■ TRY IT: Please reproduce exactly, and only, the line containing "ヘッドセット USB 軽量" and every line after it to the end of the records below, leaving out all pictures.

■ MATERIAL FOR THIS TASK:
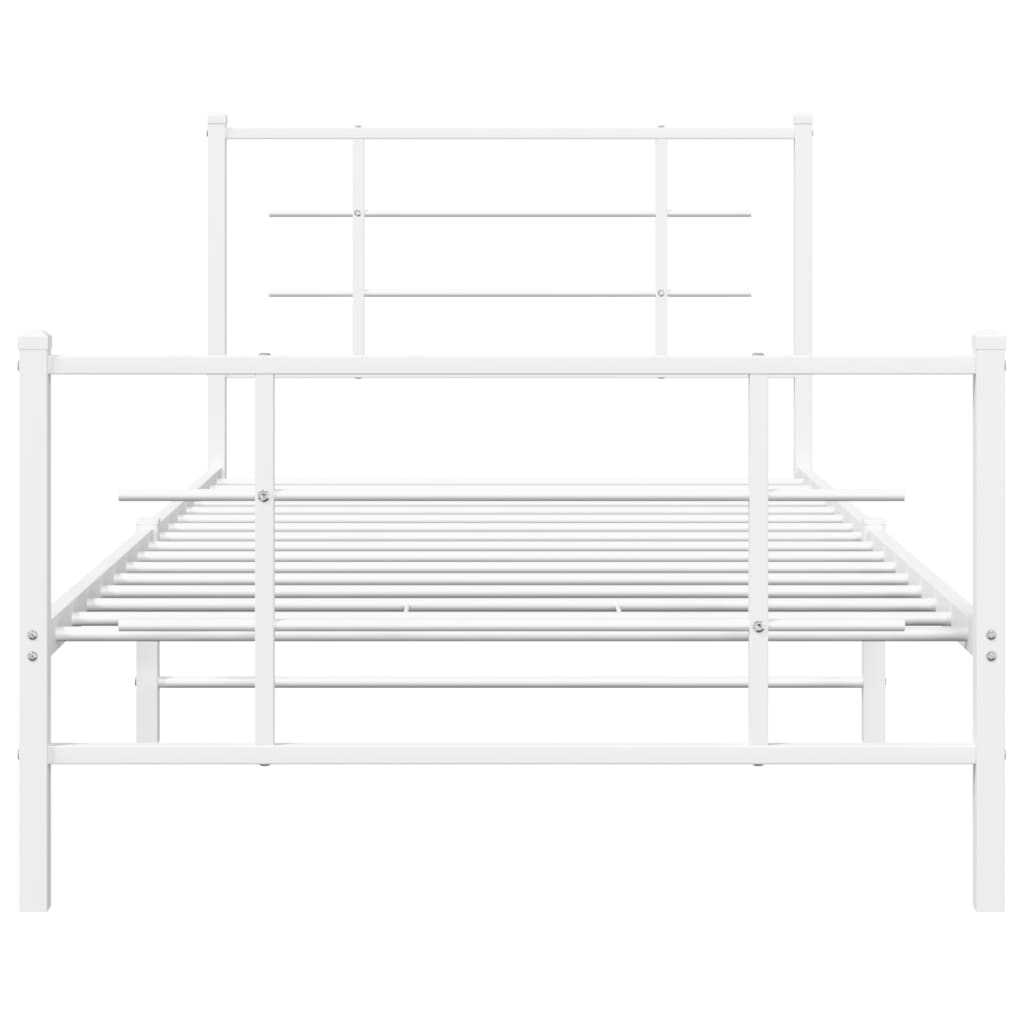 Metal Bed Frame with Headboard and Footboard White 107x203 cm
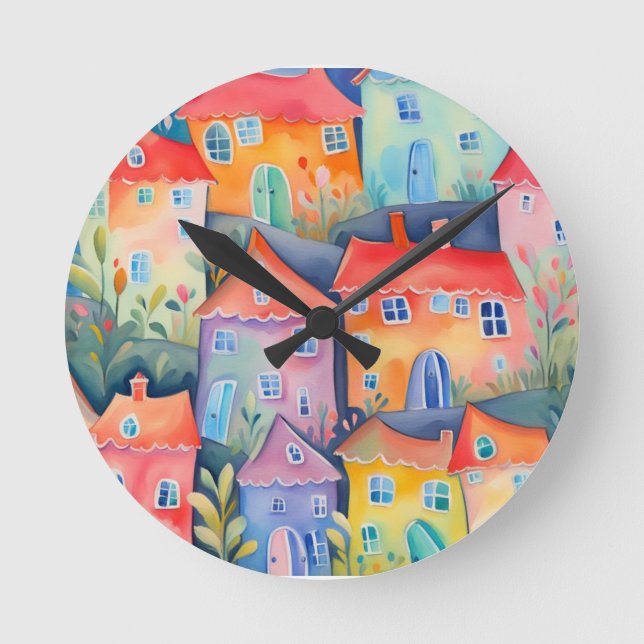 Weiche pastellfarbene kleine Häuser in friedlicher Runde Wanduhr (Vorderseite)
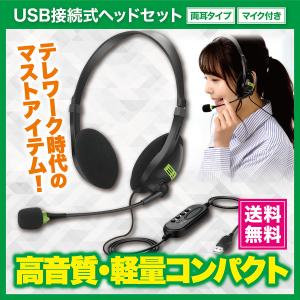 ヘッドセット USB 軽量 コンパクト ミュート機能付き 両耳ボイスチャット用 在宅 Skype ZOOM ヘッドフォン
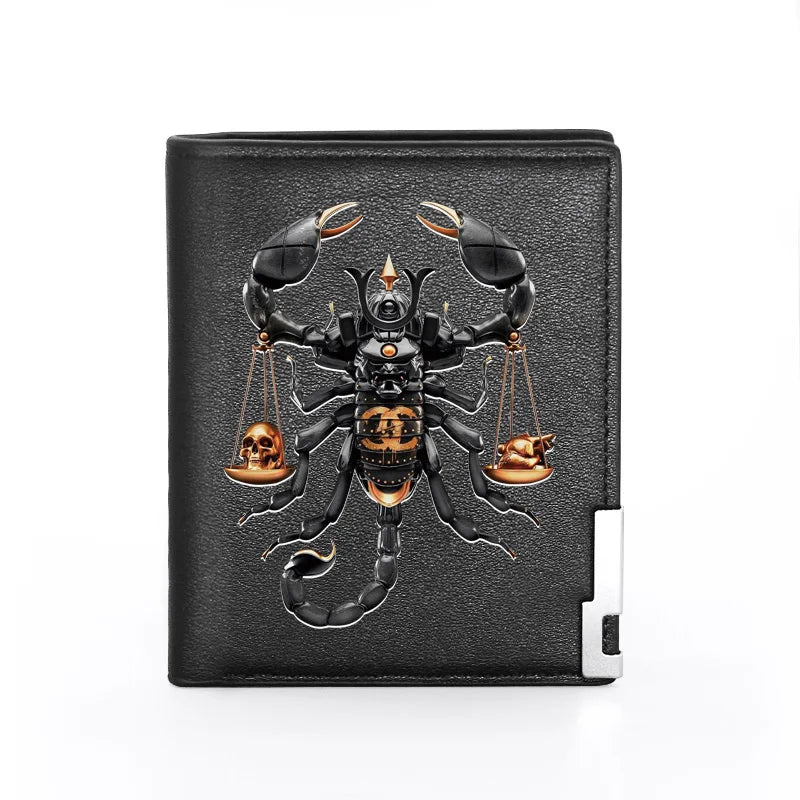Skull Heart Scorpion Leather Wallet Billfold Slim Credit Card Holders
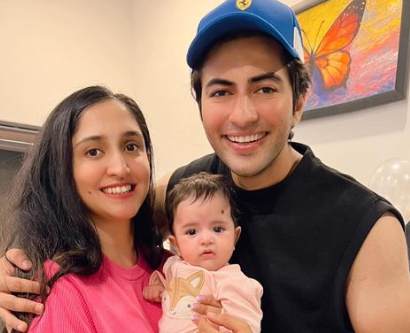 Akshay Kharodia with his wife and daughter.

■ FINAL ANSWER:
 ヘッドセット USB 軽量 コンパクト ミュート機能付き 両耳ボイスチャット用 在宅 Skype ZOOM ヘッドフォン
Skull Heart Scorpion Leather Wallet Billfold Slim Credit Card Holders
 Akshay Kharodia with his wife and daughter.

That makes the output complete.